◆ DESCRIPTION OF THE TASK: Only one stretch of the records below should be repeated. It starts with the line containing "Louis Vuitton notepad" and goes on through the line containing "Actor J. D.", exactly as written.

◆ DATA RECORDS:
****************************************

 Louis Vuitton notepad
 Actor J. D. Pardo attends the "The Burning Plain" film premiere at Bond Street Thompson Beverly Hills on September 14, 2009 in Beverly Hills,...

****************************************

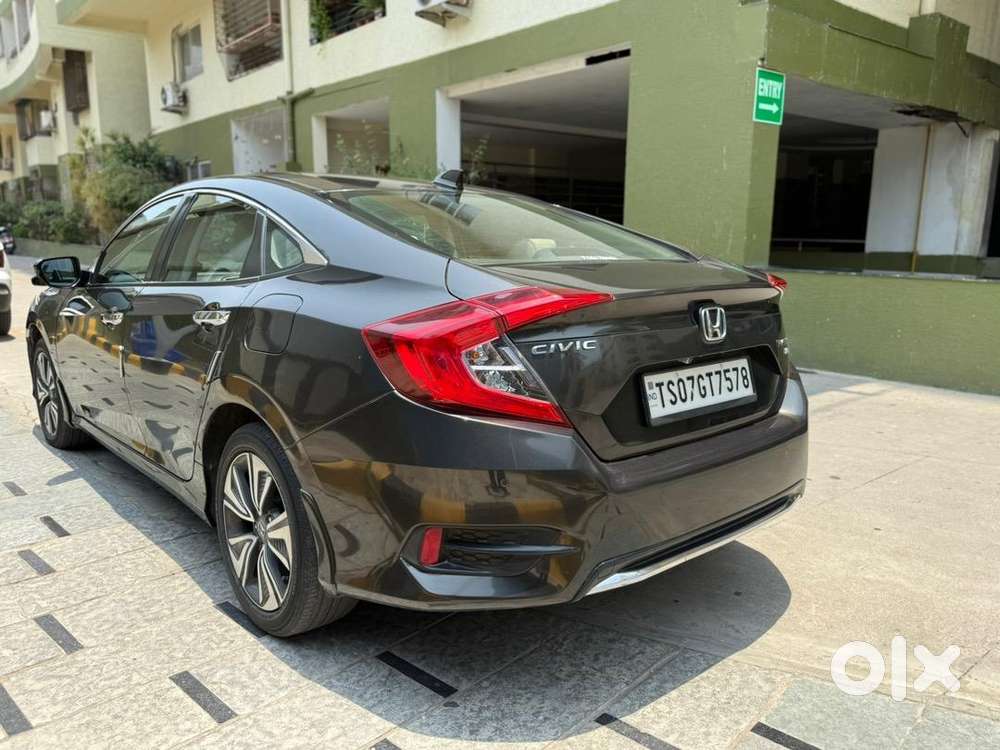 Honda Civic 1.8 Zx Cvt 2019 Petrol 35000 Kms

****************************************

◆ ANSWER:
 Louis Vuitton notepad
 Actor J. D. Pardo attends the "The Burning Plain" film premiere at Bond Street Thompson Beverly Hills on September 14, 2009 in Beverly Hills,...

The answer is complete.